J&J Announces FDA Rejection of SEDASYS® Device

Chicago — (April 22, 2010) 

On Tuesday April 20, 2010 as reported by several media sources,1 2 Johnson & Johnson, parent company of Ethicon Endo Surgery, Inc., announced that the Food and Drug Administration (FDA) rejected its application for the SEDASYS® Computer-Assisted Personalized Sedation System. According to the reports, FDA sent the company a “not-approvable” letter after review of the application for, SEDASYS® which, through the use of a series of feedback and monitors, was designed to administer therapeutic levels of propofol to patients “undergoing colonoscopy and esophagoduodenoscopy procedures.”

The ASA had expressed concerns with the safety of the SEDASYS® system both in writing3 and during an FDA advisory panel hearing on the device back on May 28, 2009. However, following a presentation from the manufacturer and testimony from the public on the device, the advisory panel voted 8-2 that the device was “approvable with conditions.”4 Although reports indicate that the company will appeal the Agency’s decision, the final ruling contradicts the decision of the advisory panel and is a sound rejection of the application for the device.

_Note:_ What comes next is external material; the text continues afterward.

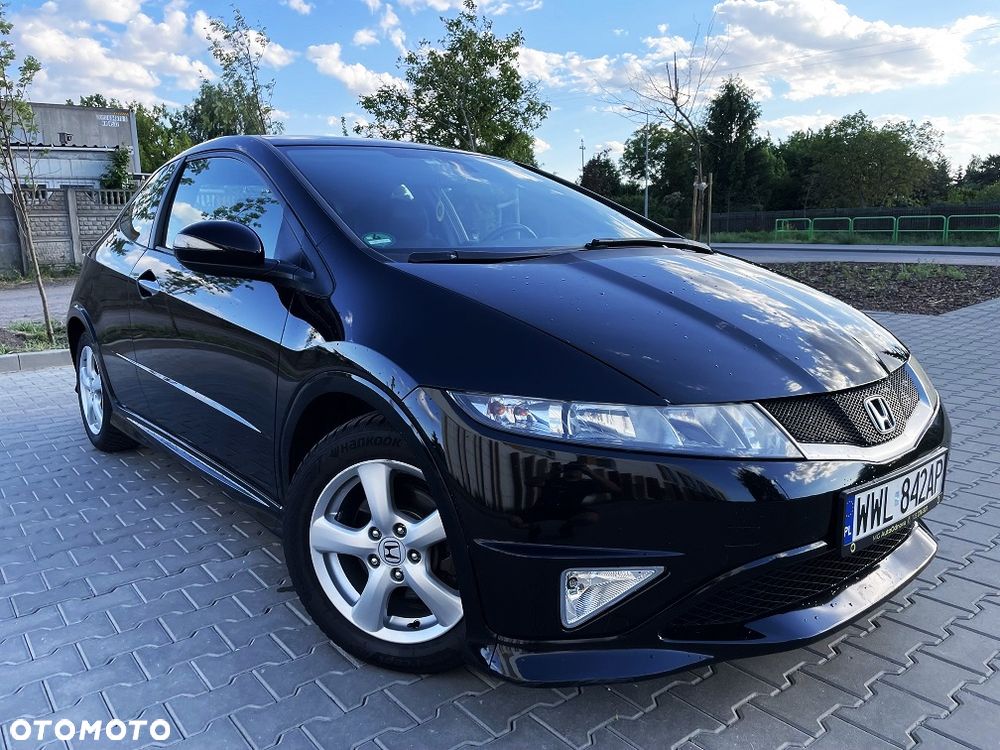 Honda Civic 1.4 i-VTEC Type S - 3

In response to the news, ASA President, Dr. Alexander Hannenberg announced his strong support of the Agency’s decision and stated, “I am pleased that the FDA recognized the many unanswered questions and safety concerns about the device and the qualifications of those who sought to use it. ASA has a long history of advocating for patient safety and through its ruling on SEDASYS®, FDA has fulfilled its duty to protect patients; for that we are extremely grateful.”

  1. ASA comments to FDA
  2. FDA summary of the advisory committee meeting on May 28,2009

THE AMERICAN SOCIETY OF ANESTHESIOLOGISTS

Founded in 1905, the American Society of Anesthesiologists (ASA) is an educational, research and scientific society with more than 52,000 members organized to raise and maintain the standards of the medical practice of anesthesiology. ASA is committed to ensuring physician anesthesiologists evaluate and supervise the medical care of patients before, during and after surgery to provide the highest quality and safest care every patient deserves.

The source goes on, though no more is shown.